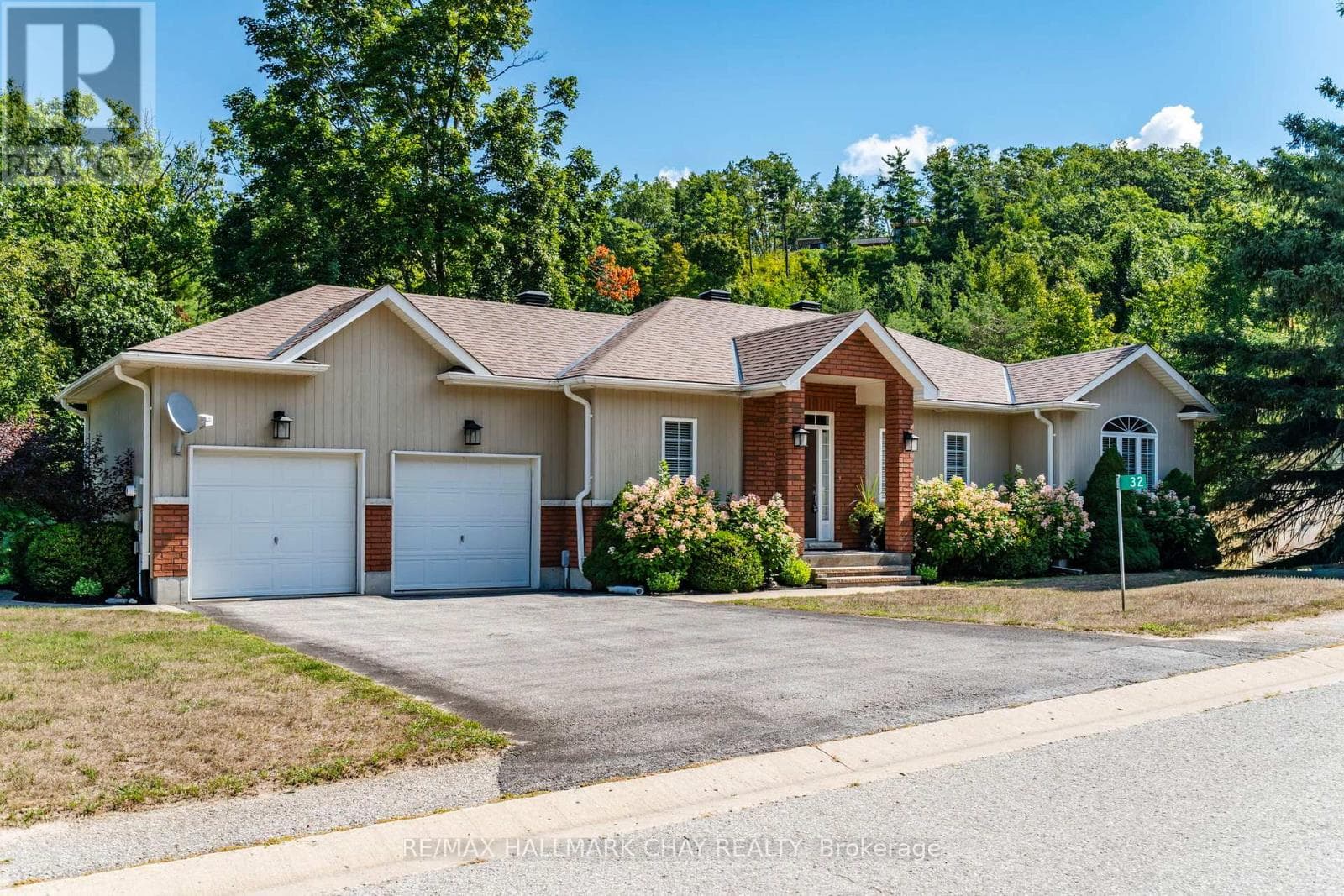 32 VALLEYCREST DRIVE, Toronto — photo 3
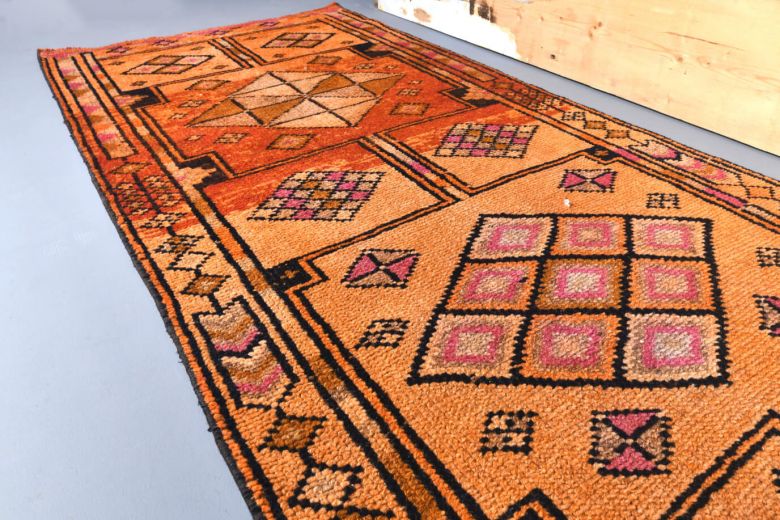 Vintage Runner Rug - 25398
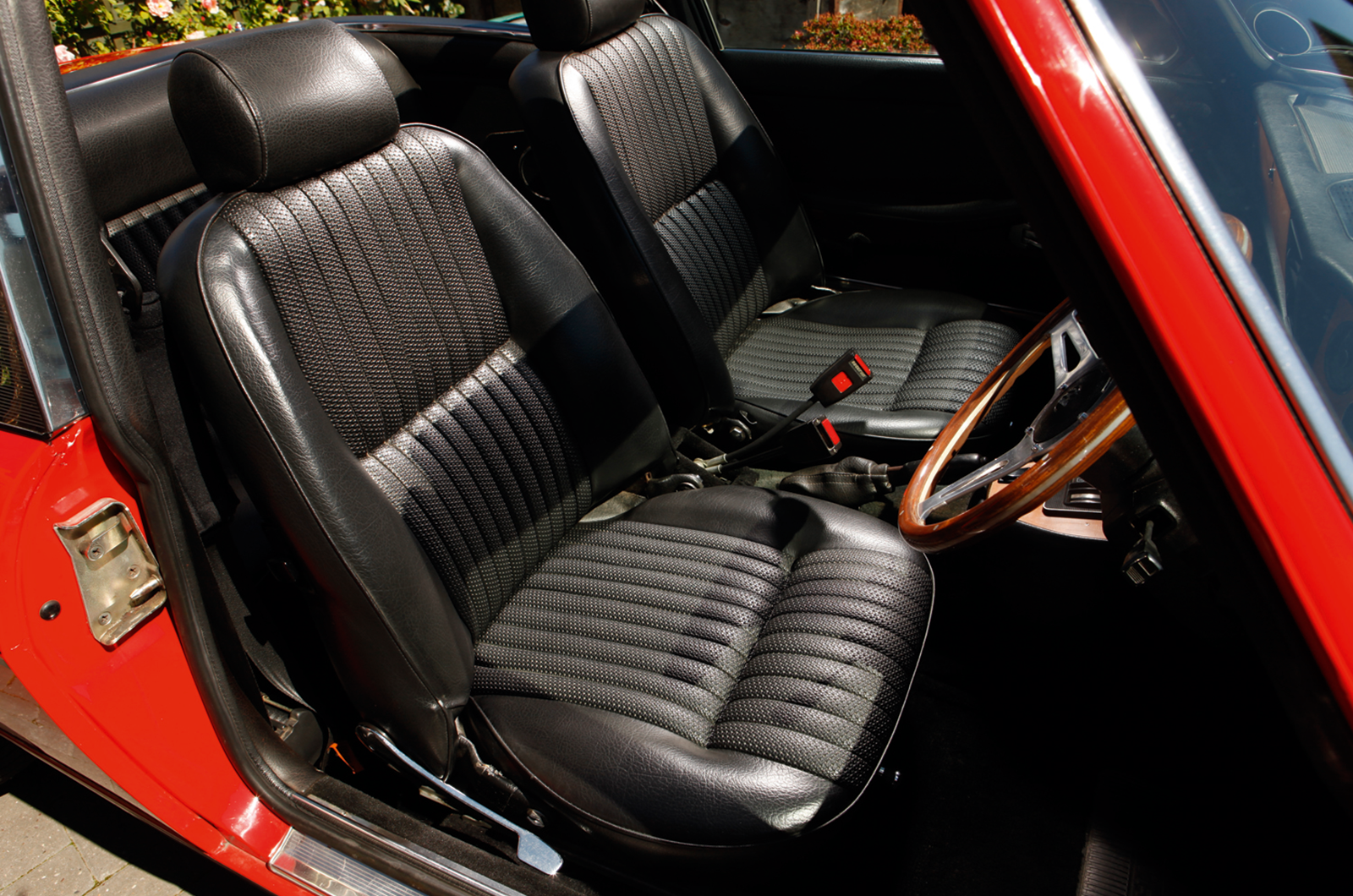 Classic & Sports Car – Buyer’s guide: Triumph Stag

____________

▸ Exercise brief: Word for word, reproduce the material above and omit each image.

▸ Output for this exercise:
 32 VALLEYCREST DRIVE, Toronto — photo 3
 Vintage Runner Rug - 25398
 Classic & Sports Car – Buyer’s guide: Triumph Stag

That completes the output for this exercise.